Recovering Attorney’s Fees “Incurred” on Party’s Behalf
Simply because a defendant does not pay his/her/its own attorney’s fees does not mean the defendant is not entitled to recover attorney’s fees incurred on his/her/its behalf. That wouldn’t seem to make much sense since attorney’s fees would have been incurred on the defendant’s behalf. Who actually writes the check to pay the attorney’s fees is really of no moment, right? Therefore, do not bank your argument that another party will never be entitled to recover their fees because that other party did not personally pay for his/her/its own attorney’s fees.

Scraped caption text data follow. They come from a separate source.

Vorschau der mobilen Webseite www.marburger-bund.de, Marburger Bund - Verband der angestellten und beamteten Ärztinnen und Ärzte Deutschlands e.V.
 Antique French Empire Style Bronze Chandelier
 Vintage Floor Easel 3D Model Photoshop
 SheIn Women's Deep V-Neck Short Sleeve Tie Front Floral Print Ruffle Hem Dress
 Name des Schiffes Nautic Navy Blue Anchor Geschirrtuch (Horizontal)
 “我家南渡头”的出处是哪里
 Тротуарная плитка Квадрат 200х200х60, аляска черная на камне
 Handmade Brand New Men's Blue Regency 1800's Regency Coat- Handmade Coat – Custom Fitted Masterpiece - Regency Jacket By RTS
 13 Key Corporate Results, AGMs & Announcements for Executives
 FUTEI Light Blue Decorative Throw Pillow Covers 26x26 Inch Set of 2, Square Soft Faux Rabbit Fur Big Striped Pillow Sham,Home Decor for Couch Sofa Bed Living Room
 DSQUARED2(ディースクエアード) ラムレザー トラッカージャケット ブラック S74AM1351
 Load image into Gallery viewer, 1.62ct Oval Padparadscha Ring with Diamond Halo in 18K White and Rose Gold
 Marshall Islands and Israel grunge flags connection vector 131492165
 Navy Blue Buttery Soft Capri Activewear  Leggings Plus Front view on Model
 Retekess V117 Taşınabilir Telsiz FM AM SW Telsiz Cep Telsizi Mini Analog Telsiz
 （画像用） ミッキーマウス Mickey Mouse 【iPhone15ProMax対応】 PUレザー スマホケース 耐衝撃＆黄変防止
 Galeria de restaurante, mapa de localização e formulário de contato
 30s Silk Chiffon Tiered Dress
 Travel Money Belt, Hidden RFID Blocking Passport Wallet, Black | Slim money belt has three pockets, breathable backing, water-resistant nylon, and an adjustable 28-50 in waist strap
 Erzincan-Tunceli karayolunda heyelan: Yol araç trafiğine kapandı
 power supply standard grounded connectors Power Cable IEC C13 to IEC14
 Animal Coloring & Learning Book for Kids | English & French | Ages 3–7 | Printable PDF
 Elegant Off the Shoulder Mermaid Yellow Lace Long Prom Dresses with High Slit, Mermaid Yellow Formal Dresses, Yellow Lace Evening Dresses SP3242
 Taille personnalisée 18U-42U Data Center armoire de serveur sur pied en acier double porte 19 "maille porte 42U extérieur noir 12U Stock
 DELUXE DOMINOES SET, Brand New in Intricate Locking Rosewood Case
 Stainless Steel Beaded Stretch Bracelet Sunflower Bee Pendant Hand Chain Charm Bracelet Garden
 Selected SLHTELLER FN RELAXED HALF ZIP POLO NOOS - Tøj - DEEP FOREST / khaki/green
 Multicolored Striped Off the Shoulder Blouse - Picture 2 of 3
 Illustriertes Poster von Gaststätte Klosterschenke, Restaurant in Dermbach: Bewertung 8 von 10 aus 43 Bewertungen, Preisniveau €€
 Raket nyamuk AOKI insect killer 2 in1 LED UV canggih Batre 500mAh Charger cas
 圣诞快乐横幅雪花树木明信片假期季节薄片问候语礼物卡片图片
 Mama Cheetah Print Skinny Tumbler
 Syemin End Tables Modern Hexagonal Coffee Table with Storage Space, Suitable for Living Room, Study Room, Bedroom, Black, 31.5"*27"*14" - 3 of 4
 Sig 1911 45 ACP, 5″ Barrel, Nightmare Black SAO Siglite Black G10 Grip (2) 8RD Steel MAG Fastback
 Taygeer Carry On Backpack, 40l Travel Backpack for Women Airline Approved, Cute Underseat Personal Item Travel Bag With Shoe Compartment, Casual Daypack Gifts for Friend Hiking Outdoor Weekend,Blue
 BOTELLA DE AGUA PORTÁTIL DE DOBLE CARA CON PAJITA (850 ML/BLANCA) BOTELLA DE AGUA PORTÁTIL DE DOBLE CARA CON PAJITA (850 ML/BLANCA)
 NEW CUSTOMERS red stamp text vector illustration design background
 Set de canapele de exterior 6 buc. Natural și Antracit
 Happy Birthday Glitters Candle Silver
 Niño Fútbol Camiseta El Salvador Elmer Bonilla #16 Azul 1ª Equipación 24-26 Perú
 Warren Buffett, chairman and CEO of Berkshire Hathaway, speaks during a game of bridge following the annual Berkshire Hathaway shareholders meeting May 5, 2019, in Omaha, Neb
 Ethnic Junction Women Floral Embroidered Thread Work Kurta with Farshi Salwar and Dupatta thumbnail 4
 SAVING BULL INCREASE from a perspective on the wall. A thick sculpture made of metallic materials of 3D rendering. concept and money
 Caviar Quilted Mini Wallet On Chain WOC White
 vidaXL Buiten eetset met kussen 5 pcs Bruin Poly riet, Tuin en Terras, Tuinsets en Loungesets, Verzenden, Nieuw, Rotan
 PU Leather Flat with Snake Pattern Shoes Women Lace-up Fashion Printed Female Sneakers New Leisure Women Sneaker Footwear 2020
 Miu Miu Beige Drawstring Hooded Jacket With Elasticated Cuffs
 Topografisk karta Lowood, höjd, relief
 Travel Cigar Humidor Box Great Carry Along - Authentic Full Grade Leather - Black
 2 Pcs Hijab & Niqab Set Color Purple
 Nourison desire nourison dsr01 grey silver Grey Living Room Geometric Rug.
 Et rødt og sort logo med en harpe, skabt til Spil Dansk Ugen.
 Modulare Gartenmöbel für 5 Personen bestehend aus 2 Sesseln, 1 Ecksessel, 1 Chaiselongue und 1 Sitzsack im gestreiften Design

This was the argument raised in Jain v. Buchanan Ingersoll & Rooney PC, 46 Fla. L. Weekly D2575a (Fla. 3d DCA 2021). Here, a defendant served a proposal for settlement during the pendency of the case. A final judgment was rendered for the defendant. The defendant moved for attorney’s fees pursuant to the proposal for settlement. The plaintiff countered that the defendant should not be entitled to fees because the defendant did not personally incur fees given the fact that his company (a law firm) was contractually required to indemnify him, and did indemnify him, with respect to such fees. The trial court did not agree with the plaintiff’s position and attorney’s fees were awarded to the defendant. The Third District Court of Appeals affirmed holding the defendant was entitled to attorney’s fees incurred on the defendant’s behalf (i.e., that another party/person may have paid). See Jain citing & quoting Key West Seaside, LLC v. Certified Lower Keys Plumbing, Inc., 208 So.3d 718 (Fla. 3d DCA 2015) (“‘The fact that another party or a nonparty may have paid the offeror’s attorney’s fees is of no consequence to the question of whether the offeror is entitled to fees and costs pursuant to the offer of judgment statute or rule.’”).